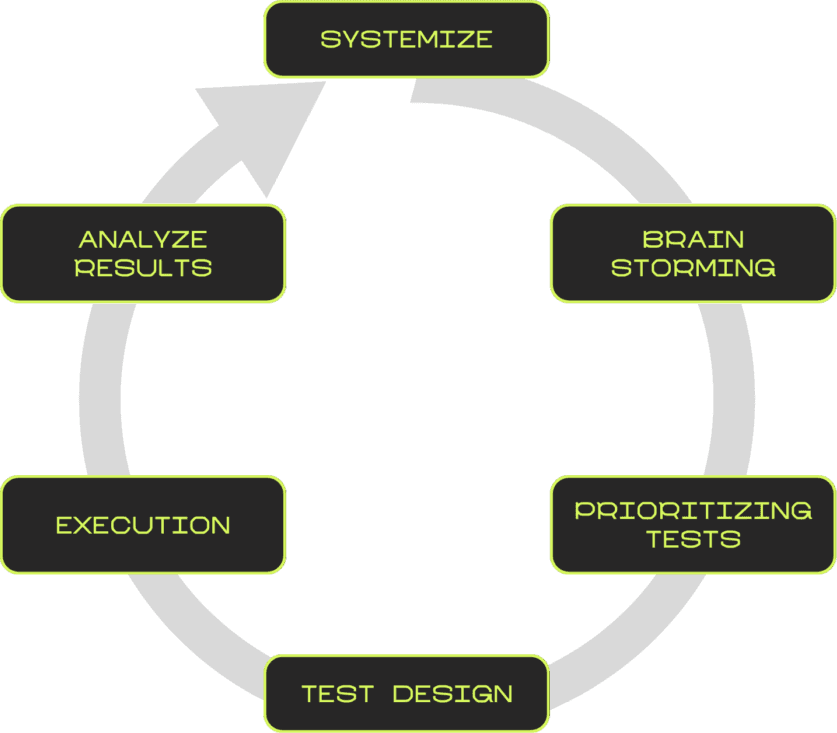 Growth Hacking Loop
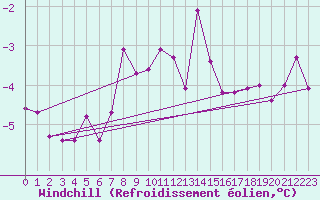 Courbe du refroidissement olien pour Tammisaari Jussaro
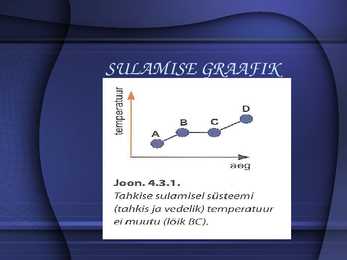 Sulamine ja tahkestumine #6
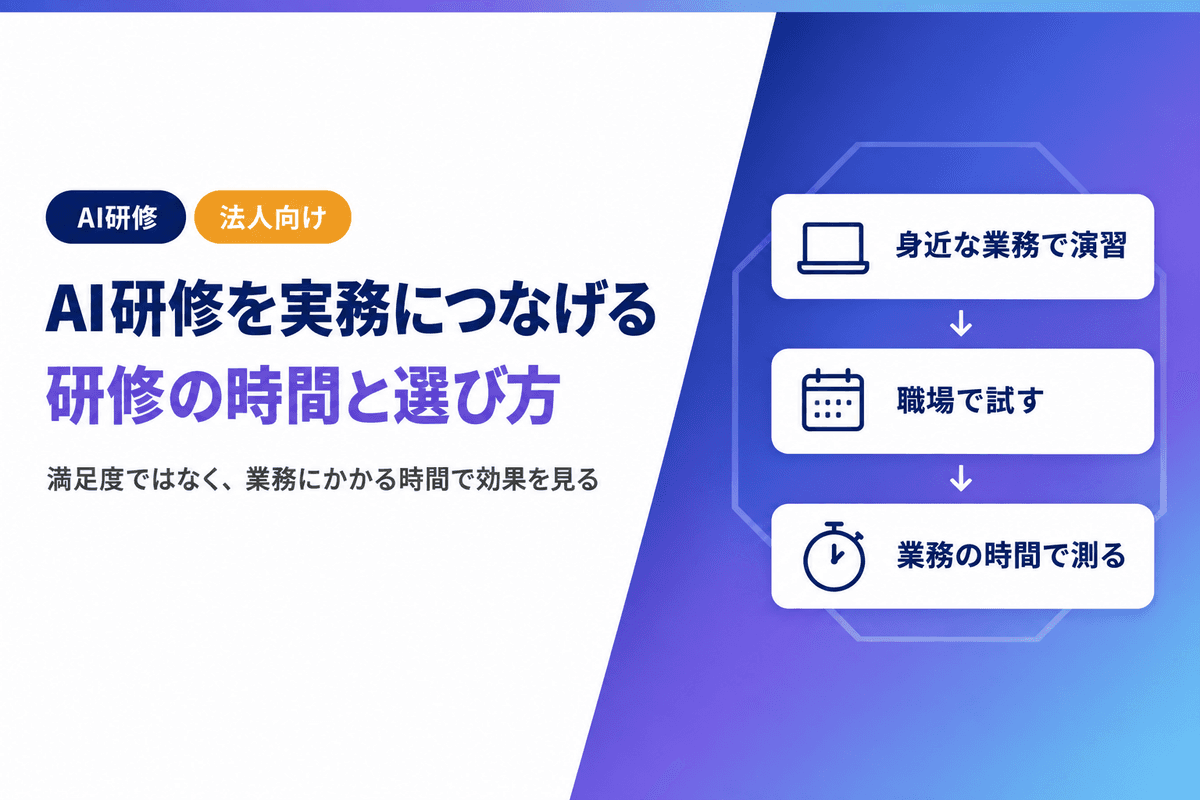 法人向けAI研修を実務につなげる|企業向けAI研修の時間と選び方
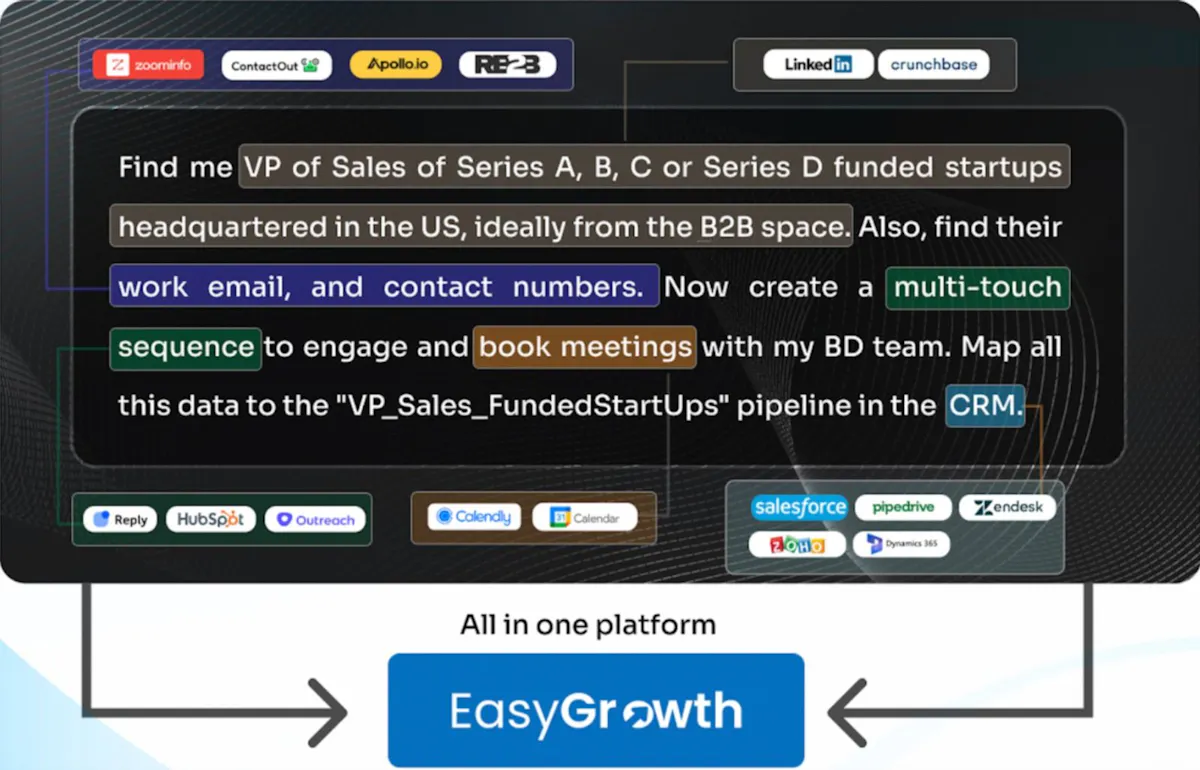 EasyGrowth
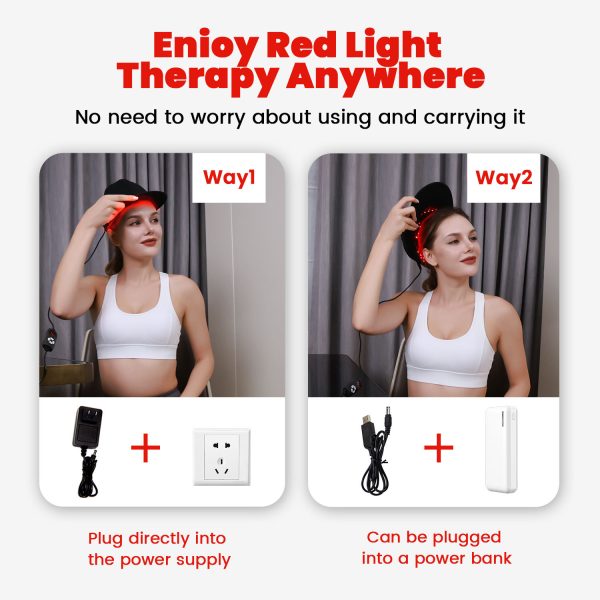 Red Light Therapy Cap - Image 5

### Exercise objective:
The needed output is the lines from the one with "Courbe du refroidissement" through the end of the listing, written out exactly, both ends included, pictures excluded.

### Output for this task:
 Courbe du refroidissement olien pour Tammisaari Jussaro
 Sulamine ja tahkestumine #6
 法人向けAI研修を実務につなげる|企業向けAI研修の時間と選び方
 EasyGrowth
 Red Light Therapy Cap - Image 5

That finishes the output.